The more questions you ask the longer will become the list.
We strongly recommend to read the publications under "Literature".
When should I observe WR 140?
As often as possible. It is always a good idea to start a "training" far in advance. First during "easy" periods when the system is high in the sky, then during the January period 2008. Remember that it is a morning and evenning object around periastron passage in January 12, 2009! And finaly, we should know what we can expect in S/N for which exposure time. Last but not least we are interested in residuals during the passage.
What are residuals?
Global residuals: If we observe the system in a quiet period we find relatively stable lines. This is due to the large seperation of the components. To find shock cone effects during periastron passage we have to seperate those effects from the stable lines. This can be done by computing an average spectrum over the whole observation period and then subtracting each individual one from the mean. It is also possible to obtain a mean or minimum spectrum in advance and subtracting individual spectra from this minimum or mean. As a result we get the line features which are only present during periastron passage and which represent two crashing shock cones.
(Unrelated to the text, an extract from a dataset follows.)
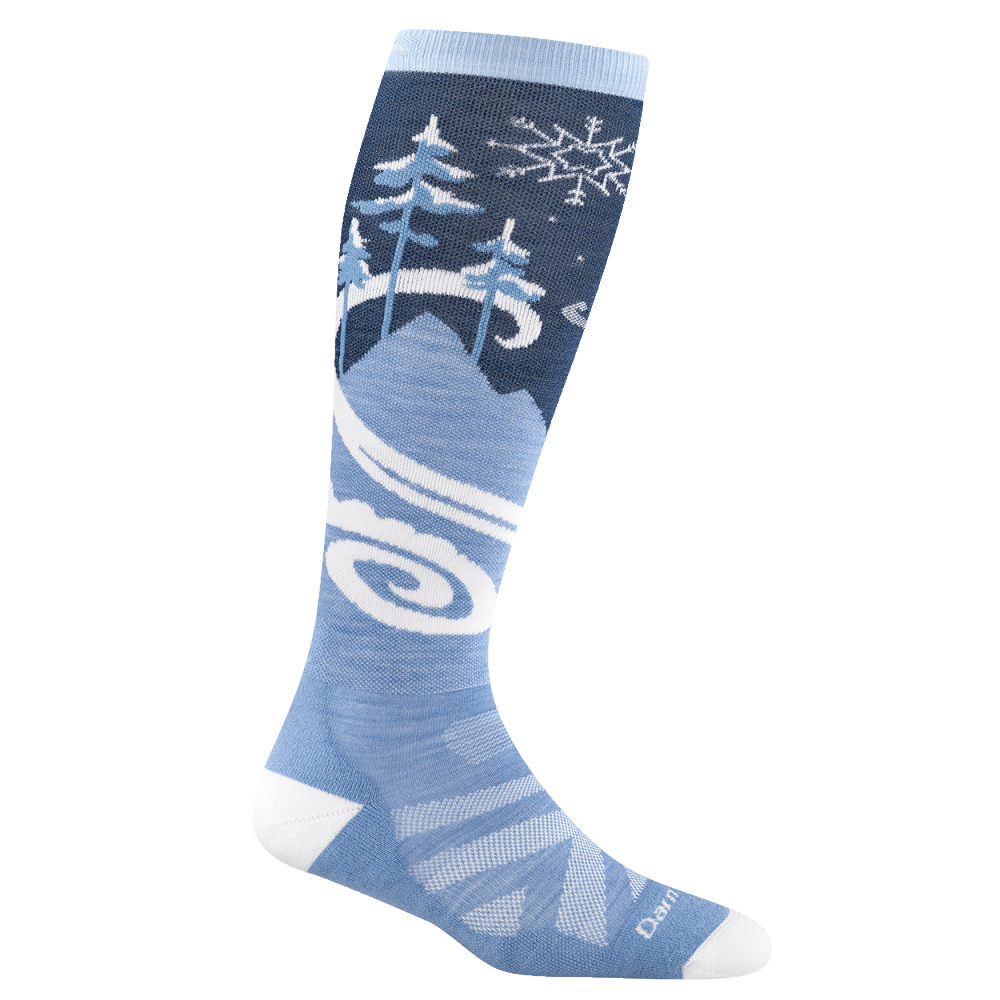 Darn Tough Womens Merino Lightweight OTC Sock w/ Cushion Swirlwind - Midnight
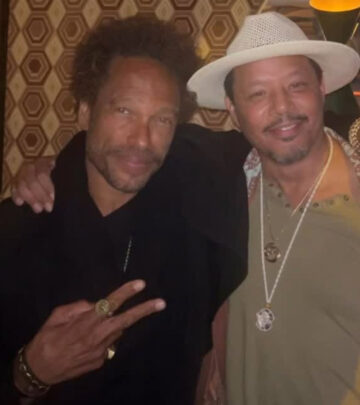 Gary Dourdan grooves with Redbone Philly Brothers, capturing relaxed vibes at Andy’s spot.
Nightly residuals: The same technique can be applied for short term events in the lines , like clumbs (turbulences) in the wind. Then we should obtain a minimum or a nightly mean and subtracting individual night spectra. This is a difficult taks for small telescopes due to low S/N from short exposures.
The spectrum should be centered in what wavelenght? What bandwidth is adviced?
Due to its nature as a WR+O binary we majorly see emission lines. They are all of great interest and deliver worthy insights in the physics of the system. So a clear continuum is not easy to define. It is more important to choose a sufficient wavelength interval instead of defining a central interval to define a maximum number of (pseudo) continuum wavelength as it is done e.g. in the paper of Marchenko et al. Before deciding in more detail it is strongly recommended to read available literature. A number of papers can be found in this campaign web page.
What calibration lamp must be used?
Each lamp with sufficient emission lines for calibration plus catalogue in the respectively observed wavelength reagion is fine.
No real continuum? How can I estimate the Signl-to-Noise-Ratio then?
By using two spectra one can estimate S/N by deviding one spectrum by the other. The lines will then be eliminated. If the two spectra have the same exposure time the S/N of the quotient is sqrt(2) of that of the single spectrum. The S/N of the sum spectrum is then better by a factor of two than the quotient.
What S/N is sufficient?
The more the better. But S/N should be 100 at least.
I do not reach S/N > 100. What should I do?
Just increase your exposure time. Nightly means are sufficient for the periastron event over some weeks.
How long should I observe the star during periastron passage?
Three months are ok. Before and after no line events are observed by earlier campaigns. So, start around beginning of December and end around end of February.
Why can I see a profil in the interstellar Na lines if I apply very high resulution?
The interstellar material along the line-of-sight has different velocities with respect to the observer and, hence, broaden also the interstellar absorption lines.